Rock Altitude 2016 – samedi

La soirée du samedi a commencé pour nous à 19h00 avec Emilie Zoé. Cette jeune musicienne suisse romande a tout récemment sorti son premier album – Dead End Tape – qui, il faut le dire, est une vraie réussite ! On est plusieurs à être conquis. Si l'album se fait par moment intime et à d'autres plus rock avec une toute petite tendance au lo-fi, le passage en live se fait bien. Sa musique est tout à fait caractéristique de notre rock suisse – on pense à Kasette récemment mais aussi des bands comme Honey for Petzi ou Toboggan – il n'en demeure pas moins qu'Emilie Zoé se différencie par un univers bien à elle emprunt par moment d'une certaine mélancolie et à d'autres très rock 'n roll. Accompagné d'un batteur, elle a joué pendant près de 45 minutes son album en totalité ; elle nous a aussi gratifié d'un inédit ainsi que d'un tout nouveau morceau encore jamais joué en dehors du local de répétition. C'est une artiste à suivre. Bref on aime !

A 20h, les franco-gallois de Shake Shake Go entrent sur scène. Plutôt brit-pop fortement teinté de folk anglo-saxon, le groupe emmené par sa charismatique chanteuse flamboyante peine à faire danser un public qui marche plutôt au diesel ce soir puisque la sauce va seulement prendre après 30 minutes de concert. Le sentiment de cette prestation pour nous qui ne sommes pas des aficionados du genre est plutôt que c'était sympa mais sans plus. Le public, lui, après avoir fait connaissance avec leur musique a eu l'air d'apprécier.

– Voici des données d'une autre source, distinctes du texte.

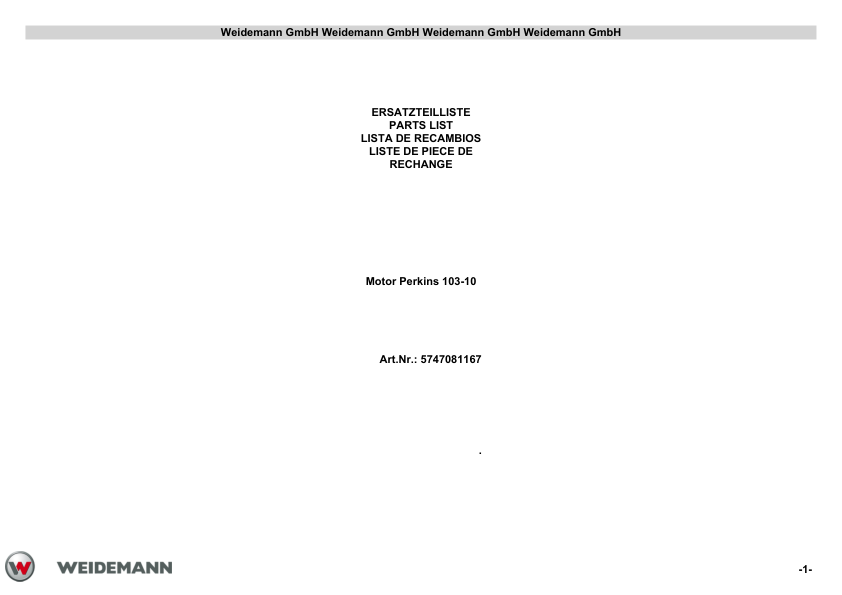 Weidemann Perkins 103-10 Engine Parts Catalog - Image 2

Notre prochain rendez-vous était à 21h15 avec le génial trompettiste Erik Truffaz. S'il est connu pour avoir joué avec… un peu près tout le monde – j'exagère à moitié – il est parmi ceux qui ont su re-démocratiser la trompette auprès du grand public grâce à de fructueuses collaborations avec des artistes pop-indé comme Sophie Hunger ou Anna Aaron ou hip-hop comme Sly Johnson (ex-Saian Supa Crew) et d'autres encore. Il a aussi le mérite assez rare d'être reconnu à la fois par le monde du jazz et le grand public. C'est certainement car l'homme aime la musique sous toute ses formes ce qu'il montre très bien sur scène. Il interprète quelques titres personnels comme El tiempo de la Revolucion. Puis après quelques titres, Anna Aaron vient le rejoindre sur scène pour interpréter quelques morceaux de leur collaboration. On sent bien le plaisir des artistes de se produire et le grand gagnant en est le public. Sans en faire trop, l'une et l'autre jouent un jeu d'équilibre mettant leur talents respectifs au service de la musique.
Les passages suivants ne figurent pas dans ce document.